The move would save the nation's second-largest school system a projected $90 million and an estimated 5,000 jobs, Superintendent Ramon Cortines said Friday in a news release.
The state budget for the 2009-2010 fiscal year allowed districts to reduce the school year by five days. The proposed sixth day would be a student-free workday.
Cortines conceded the move would be drastic but said the alternative could be bankruptcy for the district.
"Do I think (this) is good education policy? No," he said. "But we are in a real crisis."
The district is facing a projected $640 million deficit for the 2010-2011 school year.
Cortines had repeatedly said that he did not want to shorten the school year. This is the first time in recent history that a Los Angeles school superintendent has made such a suggestion.
Leaders of United Teachers Los Angeles would have to agree to the move.
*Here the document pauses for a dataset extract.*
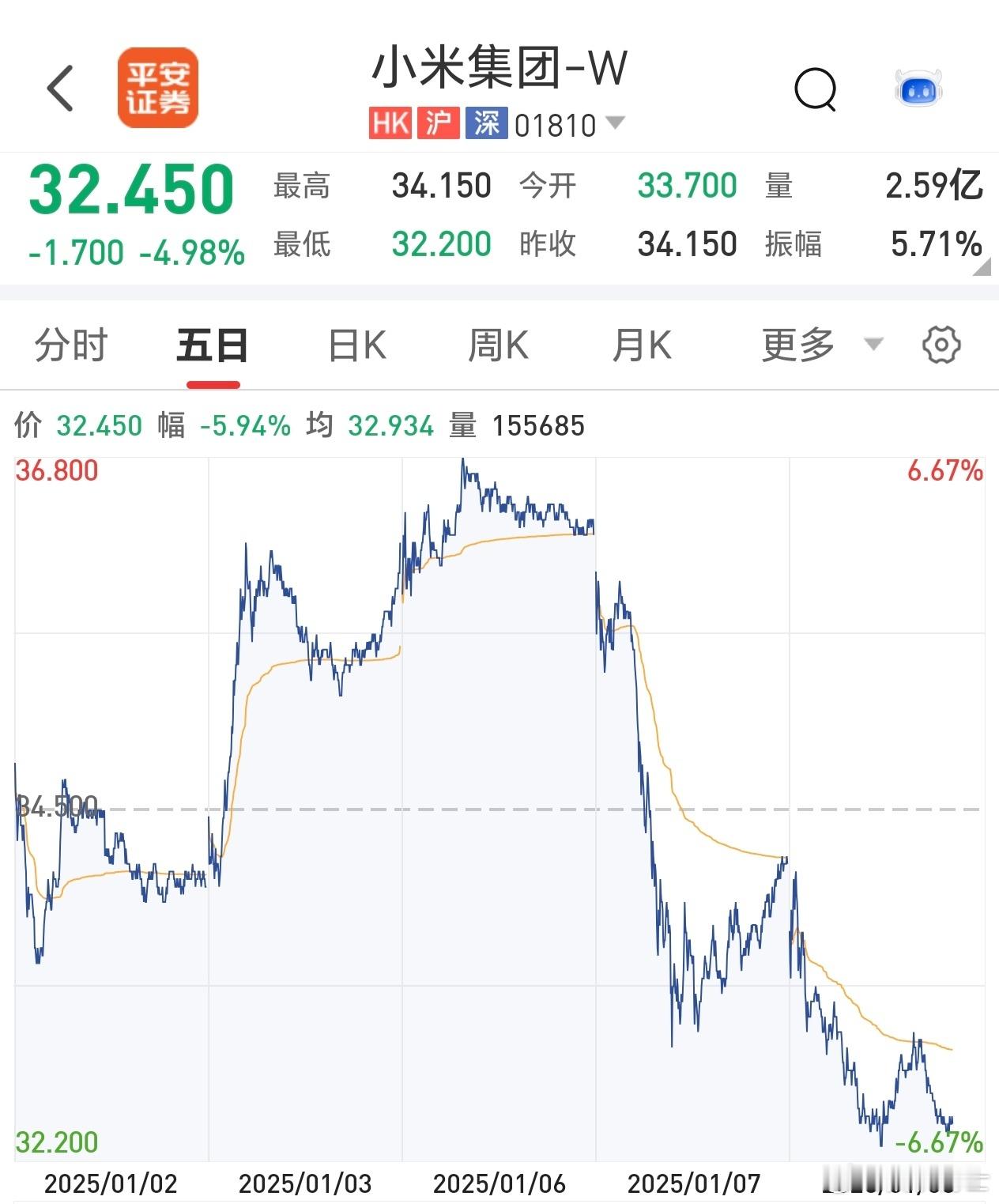 小米股票是咋了，昨天大跌6%，今天大跌5%[晕]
Nonunion employees, including senior district staff, have been ordered to take four furlough days by May, and Cortines criticized groups that have not been willing to make concessions.
In December, Cortines said other budget cuts for the next school year could come from slashing arts programs by 50 percent, downsizing the eight district administrative offices to four, making administrative employees pay for parking, consolidating schools with fewer than 400 students, increasing K-3 classes from 24 pupils per teacher to 29, and delaying adoption of new textbooks by a year.
The proposed cuts for the 2010-11 school year come on the heels of 2,000 layoffs this academic year due to shrinking state revenue.